Some are also said to have required caffeine pills prior to the match.
The FA has so far declined to comment on the matter, but experienced international stars have said that the use of sleeping aids is nothing new.
Manchester United defender Rio Ferdinand, who has represented his country on 81 occasions, claims the pills would have had no impact on the performance of the players.
"What's all the fuss with caffeine/sleeping tablets?? Players have used them for yrs before + after games without any fuss..," he posted on his Twitter page.
Everton skipper Phil Neville wrote: "Throughout my career players have taken sleeping pills night be4 game and caffeine tablets day of game never been a problem in media be4."
Former Liverpool head of sports science Dr Peter Brukner was in agreement, telling Sky Sports News: "I doubt very much whether that would have affected their performance - sleeping tablets are relatively short-acting. They would have been completely out of their system well before the start of the game.
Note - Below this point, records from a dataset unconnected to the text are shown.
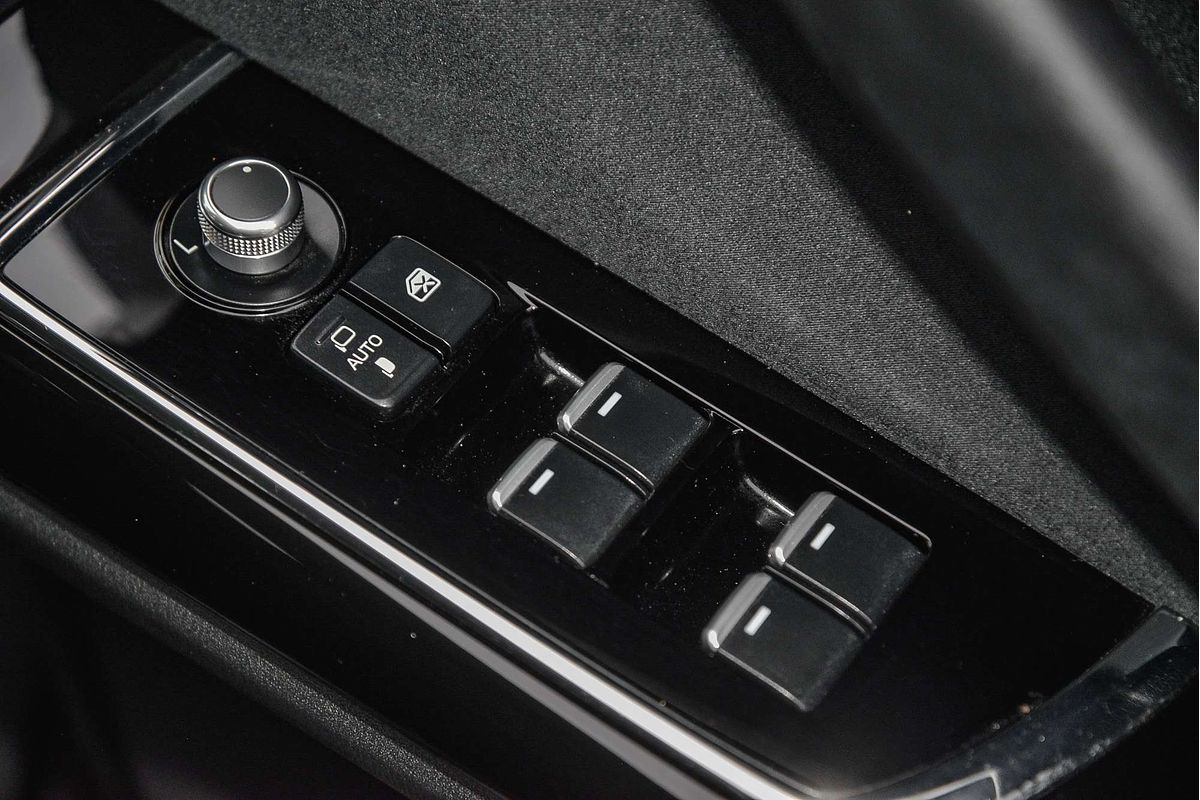 2021 Mazda CX-9 Sport TC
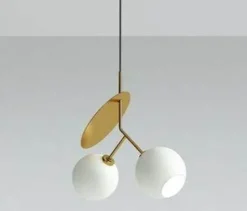 Comfort u0026 Style Beleuchtung-Nordic Cherry String Lights - Elegant Home Event Décor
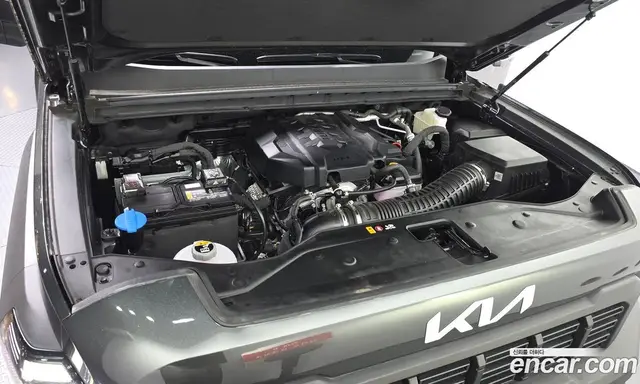 Kia Tasman 2025 2.5 автомат (гидро), миниатюра 6 Kia Tasman 2025 2.5 автомат (гидро), миниатюра 6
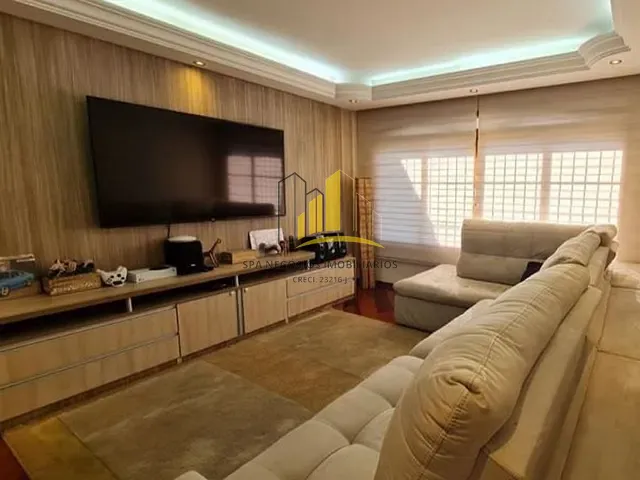 Sobrado com 300m² 3 quartos e 2 banheiros, à venda, no bairro Vila Costa Melo em São Paulo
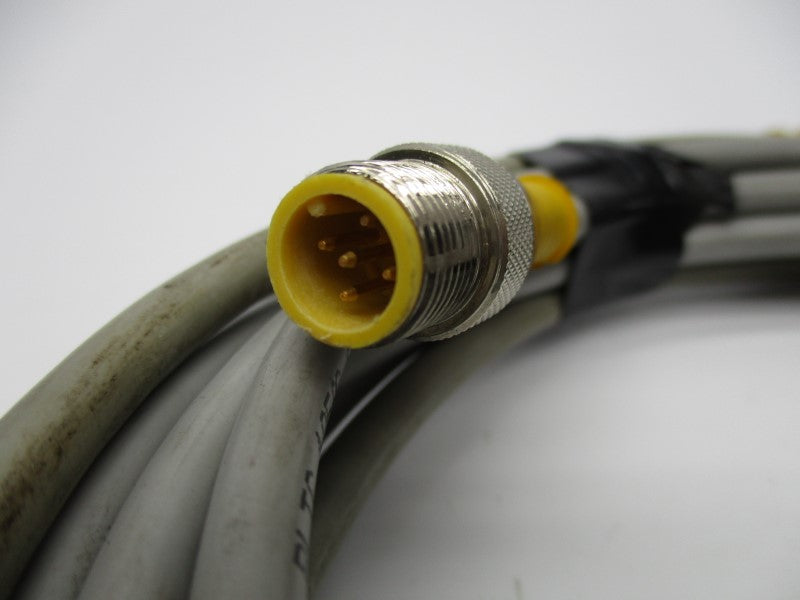 TURCK RK4.5T-4-RS4.5T/S90 UNMP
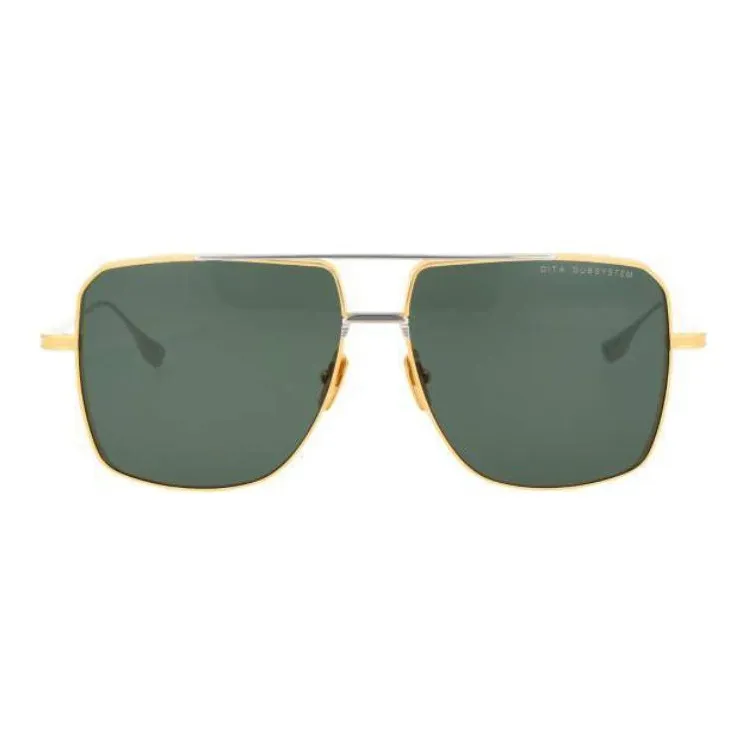 DITA Aviator Frame Sunglasses-1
"I think the situation in Poland was that obviously it had been a very stressful day; there had been a lot of anxiety about whether the game would go ahead. We always assume that senior England players don't suffer nervousness but they suffer the same as everyone else.
"By the end of (Tuesday) night they would have been fairly hyped up with some caffeine on board and a fair bit of anxiety. Some players, particularly after night games, find it hard to get to sleep.
"In certain circumstances you may feel that the football will benefit more from getting some sleep rather than tossing and turning all night, particularly with the game being in the afternoon. But the pills would have been out of their system by the morning."
The players' reported use of caffeine tablets has also been questioned but Brukner said evidence of their value to sportsmen remains in doubt.
"Certainly players feel better, they feel more alert, they feel their concentration's improved so it's fairly widely used in football. But in an intermittent game like football the jury is still out."